In the real spirit of winter, especially as we are but an hour from the Alps, we went for Raclette on Saturday. The restaurant l’Altitude on Rue de Crequi is the best rated of the mountain style places in Lyon and is a very pine-plank walled ski-lodge of a spot. Raclette is a cheese and the deal with the eponymous dish is that the cheese is melted to the point of bubbling yummyness and then scraped over steamed potatoes to eat with various hams and dried meats with some nods at healthiness via sides of a green salad or haricot beans. It is meant to fill a starving stomach following hours of skiing in cold weather, so it is heavy and filling. Lazing around watching Fulham thump Bournemouth followed by England remarkably beating Wales in the 6 Nations is not the most exacting form of exercise as preparation for such a repast, but we did it justice. The Savoyard food or Mountain cuisine developed around what you can keep in semi-isolated mountain valleys during winter and pre-refrigeration.
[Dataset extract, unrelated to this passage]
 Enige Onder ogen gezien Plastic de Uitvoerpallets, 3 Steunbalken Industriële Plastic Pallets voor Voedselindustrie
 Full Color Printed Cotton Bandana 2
Cheese, air dried hams and sausages, potatoes and pickles are served in various forms; tartiflette, which is basically a complete baked cheese filled with potatoes and added cream to make it more runny; fondue, which is either melted cheese into which you dip stuff or Raclette, which is made from various hard mountain cheeses made from the milk of cows who have been grazing on the rich summer pastures like Comte, Beaufort or Raclette itself. 
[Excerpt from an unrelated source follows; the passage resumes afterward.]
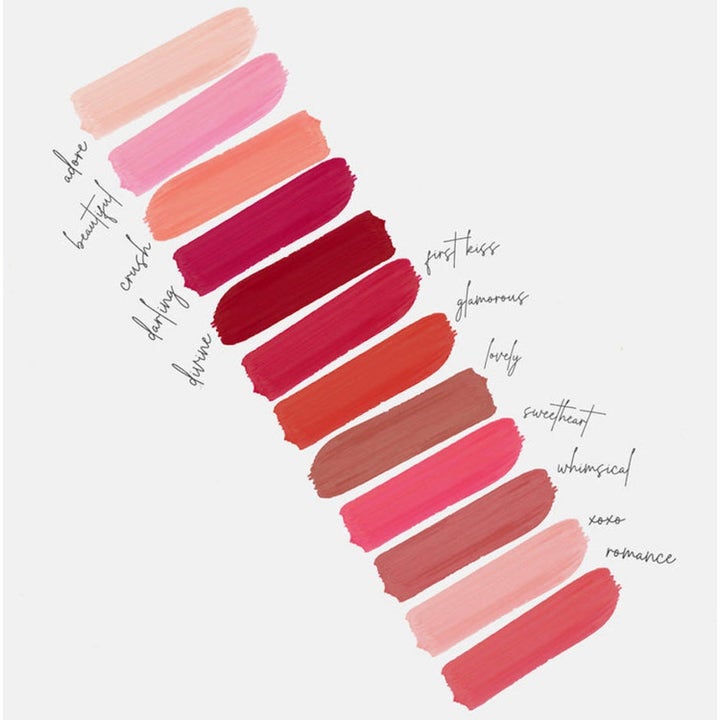 Wonder Blading Lip Stain Masque Light Rose & Coral Set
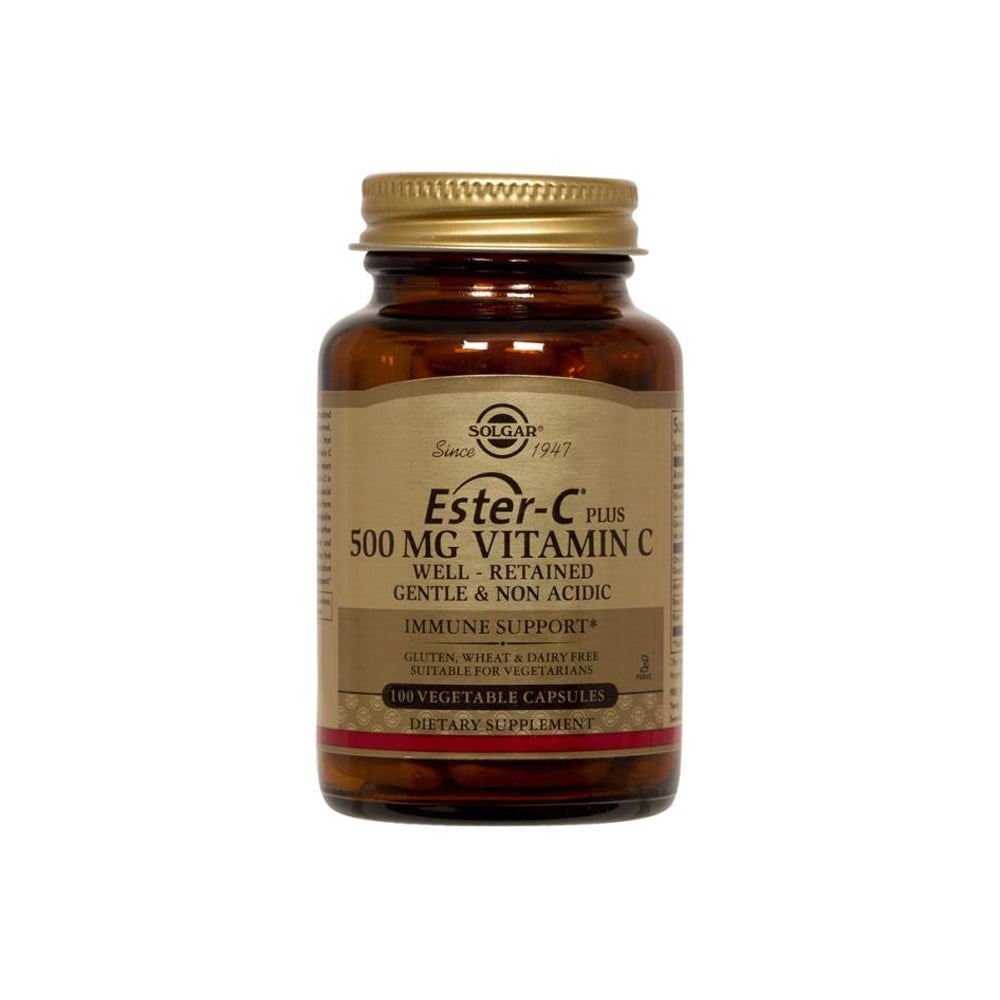 Solgar Ester-C Plus 500 mg Vitamine C 100 Gélules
Most places have electric hot place devices to do the melting, but Altitude has charcoal fired table-top braziers that are awesome at heating the cheese together with the diners and just about look safe, in a way that you know would never be allowed in the US without a shit storm of lawsuits. By the time we had near consumed the 300g of cheese allocated per person, we were cheery-cheeked and down to t-shirts. They unsurprisingly do a good line in ice cream and sundaes to help you cool down. The ice cream was seriously good, house made and artisanal, including a Charteuse flavored one, which is a bit their thing as they have a bunch of cocktails using the green and yellow monk’s bane. To finish, I felt obligated to have a Chartreuse but chickened out and went with the 2cl rather than the 4cl option. They presented a special glass about the size of a thimble, into which a monstrous Jeroboam sized bottle of the green lightning poured by measure. I had forgotten how much of a punch it packs, and we agreed we should have a bottle at home, it’s a very Lyon thing.